Frisia (or more commonly "Friesland") is a region along the southeastern coasts of the North Sea. Frisia extends from the northeastern Netherlands to southwestern Denmark. Western Frisia is roughly identical with the Dutch province of Friesland, the northern portion of North Holland Province and also modern Groningen Province, though the Western Frisian language is only spoken in the first.

Eastern Frisia (German Ostfriesland) includes areas located in the northwest of the German state of Lower Saxony, including the districts of Aurich, Leer, Wittmund and Friesland, as well as the district-free towns of Emden and Wilhelmshaven.

The portions of Frisia within the state of Schleswig-Holstein are called Nordfriesland and stretch along the coast, and including also the coastal islands islands from the River Eider to the border of Denmark in the north. It is coterminous with the Schleswig-Holstein district of the same name. The island of Helgoland (Eng. 'Helligoland' and Nrth. Fries. 'Lun', is also part of traditional 'Northern Frisia').

The West Frisian Islands, the East Frisian Islands and previously noted North Frisian Islands stretch along the entirety of the Frisian coast.

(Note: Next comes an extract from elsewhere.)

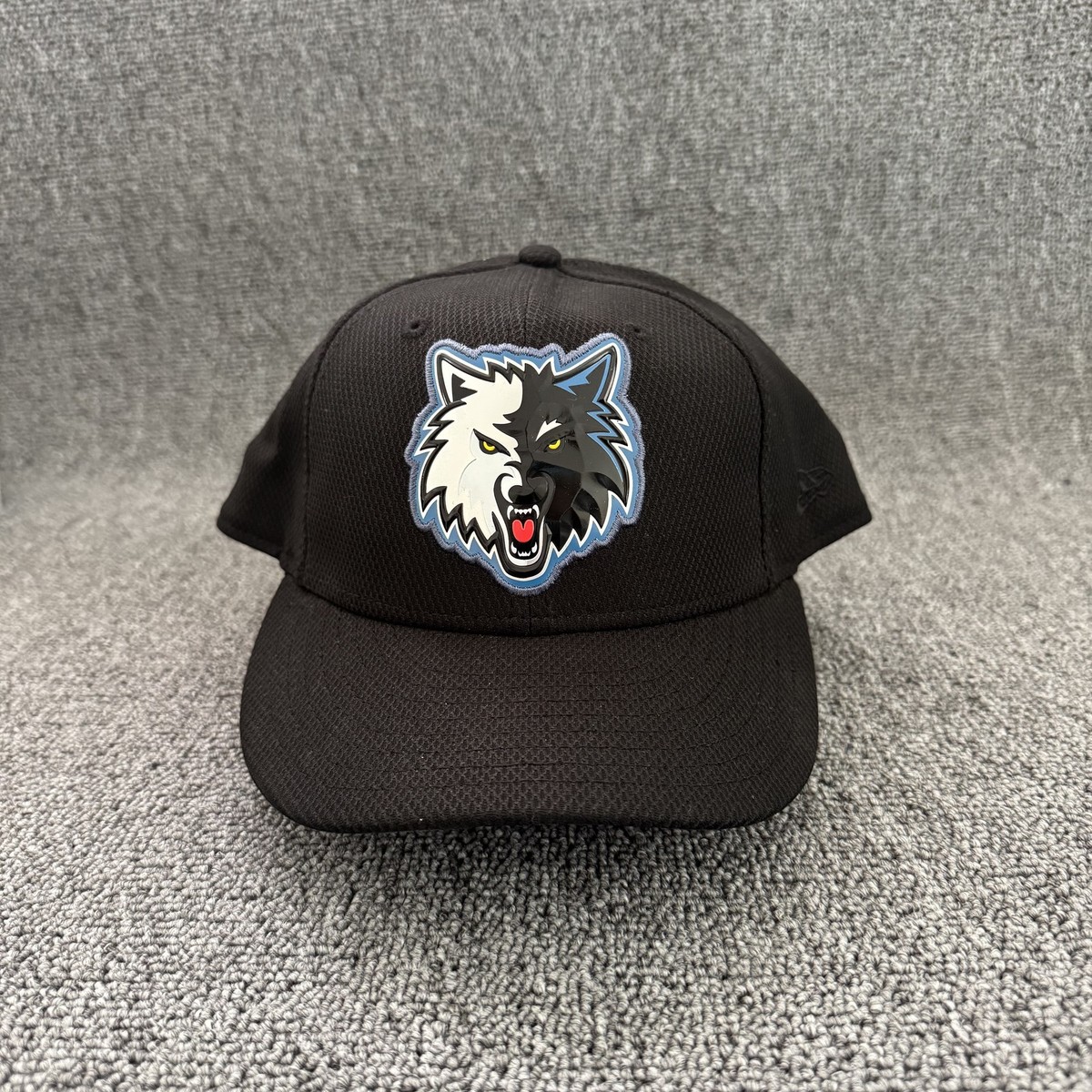 New Era Minnesota Timberwolves Black Hat NBA Wolf Head Graphic Cap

A half million Frisians of Friesland or Fryslan province in the Netherlands speak the Frisian language. Several thousand more Frisian language speakers, speaking a collection of dialects often unintelligible with each other and certainly unintelligible with forms spoken beyond Nordfriesland, are to be found in Nordfriesland in Germany, while a small number of speakers of the Sater-Frisian language are located in four villages of Lower Saxony in the Saterland region of Cloppenburg county, just beyond the boundaries of traditional East Frisia.